TASK PROMPT: The line with "Tricicleta cu copertina" marks where to begin; print it and all lines after it in the material below exactly, skipping pictures.

RAW DATA:

◆ ◆ ◆ ◆ ◆ ◆ ◆

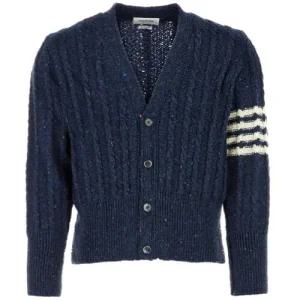 [명품] MKC486B Y1506 424 사선완장 케이블 니트 가디건 블루 남성 자켓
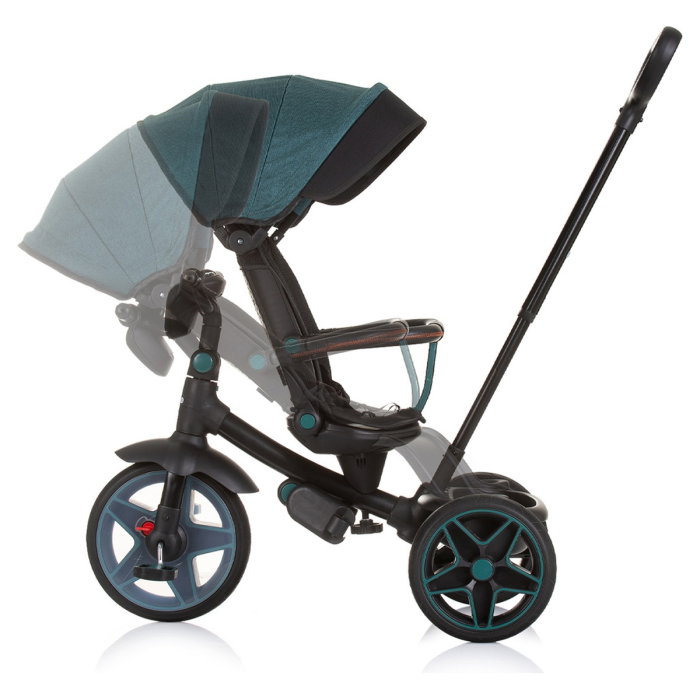 Tricicleta cu copertina si sezut reversibil Chipolino Derby teal 5 ani [7]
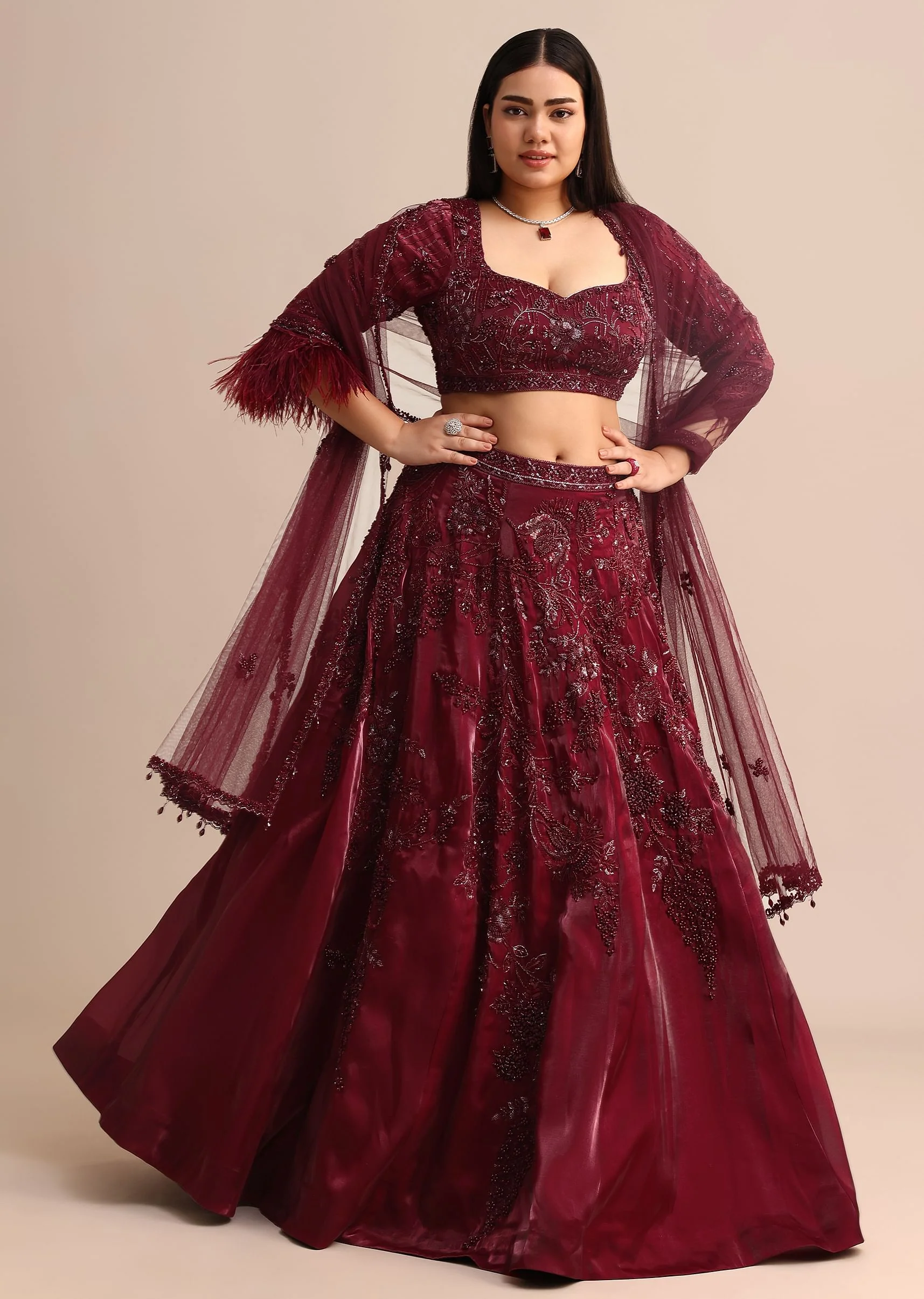 Wine Bridal Lehenga With Dupatta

◆ ◆ ◆ ◆ ◆ ◆ ◆

RESULT OF THIS TASK:
 Tricicleta cu copertina si sezut reversibil Chipolino Derby teal 5 ani [7]
 Wine Bridal Lehenga With Dupatta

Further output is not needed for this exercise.